# Window drop issue how to resolve with VagCom



## New2AudiTT (May 7, 2011)

Folks,

Just wondering if there is some sort of guide that will allow me to reset my window control module. I recently got some work done on my 04 TT and the garage had to disconnect the battery for 5 days to rebuilt the gearbox and solve a squeaky noise.

But then I've discovered that I've lost the automatic 1/2 inch drop/up feature for the driver window upon opening & closing the door. Passenger one is working fine.

I've tried all the manual resets but with no joy thus far.

I saw somewhere that the window control module can be reset with a VAGCOM but no mention of how to actually do it using the software.

Does anyone know how to do this as I have a colleague that has the cable and soft but he doesn't know how to use it to reset the window.

I want to give Vag a go first before I disconnect battery again as I fear something else will start playing stupid.

Cheers


----------



## nordic (Apr 26, 2010)

I get this every time I disconnect the battery, not only it doesn't drop automatically, but also doesn't go all the way down with single click. It may also go down/up in steps, stopping by itself in the middle or few times before reaching the bottom/top.

I've tried procedures outlines on the web and here, but none worked right away and I'm not 100% what makes it working again. All I do is drop it down all the way by holding the button down, release, press down again for few sec, release. May try both buttons at once for both windows. Then same raising it up. I do it few times and it starts working - not entirely clear how though.
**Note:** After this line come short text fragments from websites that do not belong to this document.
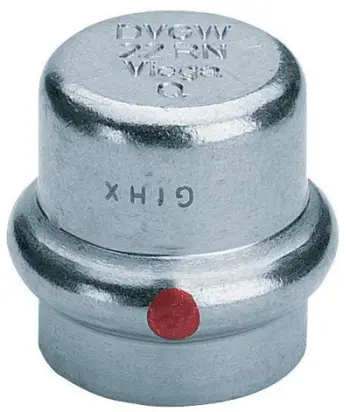 Kapak fundor çeliku Viega Prestabo 1156, për presim, 28mm, metalik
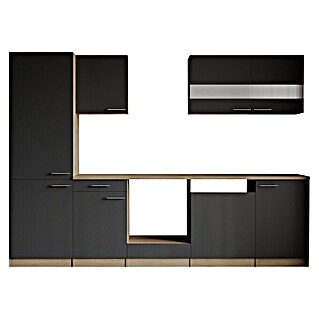 Respekta Merle Küchenleerblock (Breite: 280 cm, Grau, Ohne Elektrogeräte)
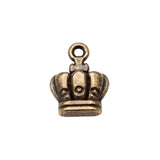 WYSIWYG 10pcs 14x10mm Crown Charms For Jewelry Making Antique Silver Plated Antique Bronze Color Jewelry Findings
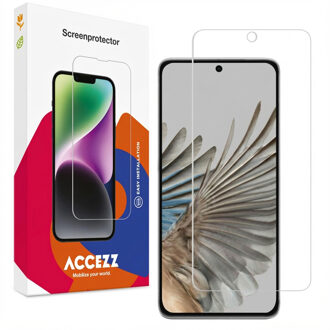 Accezz Gehard Glas Screenprotector Google Pixel 8 Smartphone screenprotector Transparant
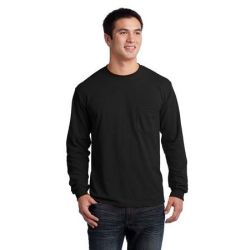 Gildan - Ultra Cotton ®  100% Cotton Long Sleeve T-Shirt with Pocket.  2410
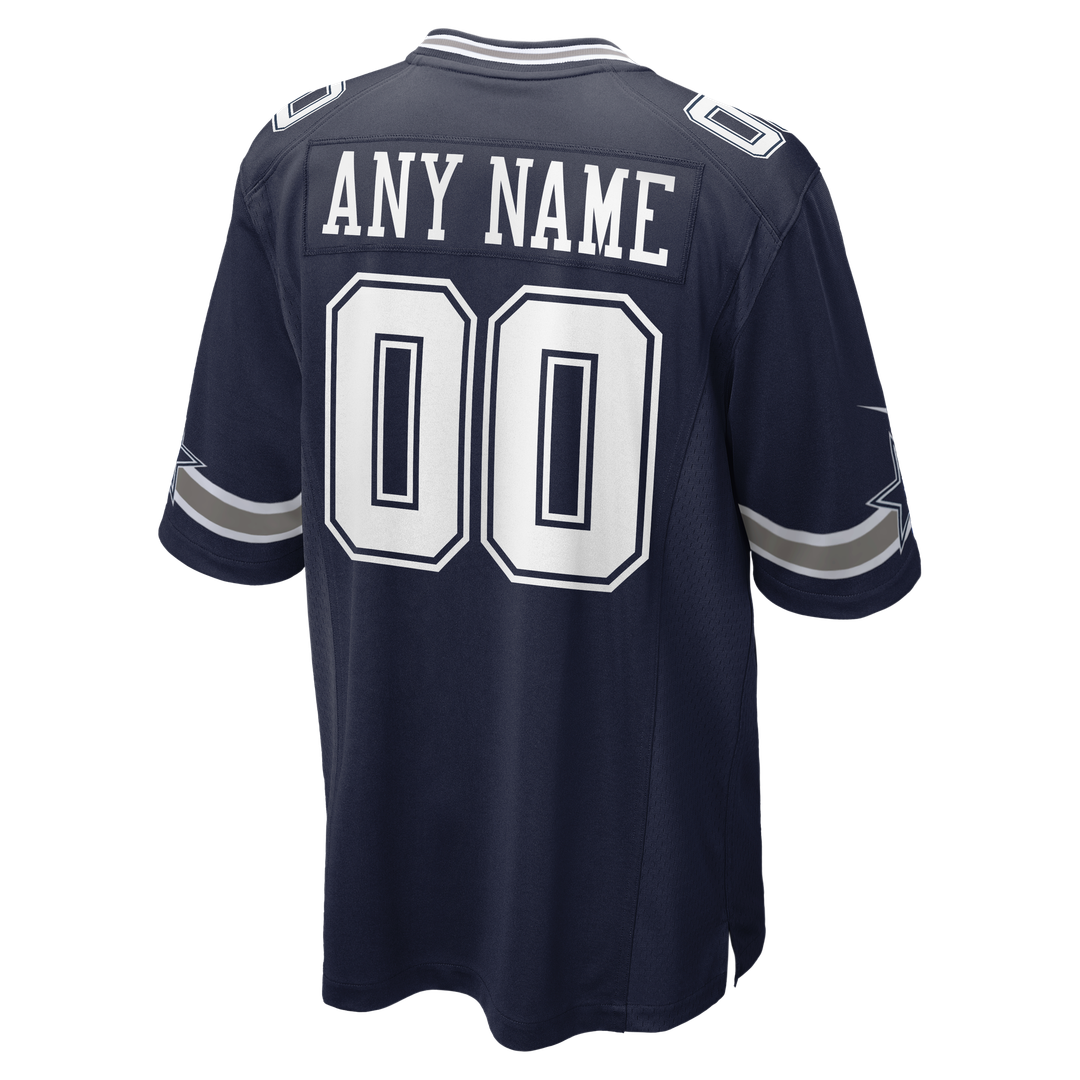 Dallas Cowboys Nike Navy Custom Jersey
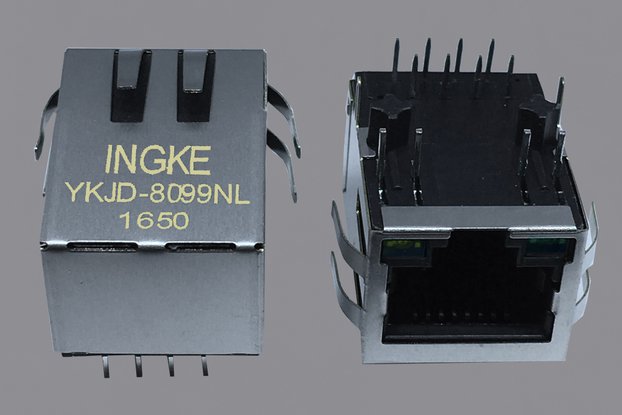 HFJ11-2450E-L12RL 10/100 Base-T MagJack connector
I think door ECU is sensorless and reacts on increased window motor load when reaching top or bottom, again not 100% sure. With power disconnected, these dead points are forgotten and ECU needs to relearn, and making the window going up/down few times does it. Also automatic drop down, seems, is based on timing as no sensors are involved again, I've noticed after battery disconnection it drops down a little more, than it does normally, but then goes back to normal.

Kind regards


----------



## New2AudiTT (May 7, 2011)

nordic said:


> I get this every time I disconnect the battery, not only it doesn't drop automatically, but also doesn't go all the way down with single click. It may also go down/up in steps, stopping by itself in the middle or few times before reaching the bottom/top.
> 
> I've tried procedures outlines on the web and here, but none worked right away and I'm not 100% what makes it working again. All I do is drop it down all the way by holding the button down, release, press down again for few sec, release. May try both buttons at once for both windows. Then same raising it up. I do it few times and it starts working - not entirely clear how though.
> 
> ...


Thanks Nordic,

How's Limerick, it's pouring here in Dub mate.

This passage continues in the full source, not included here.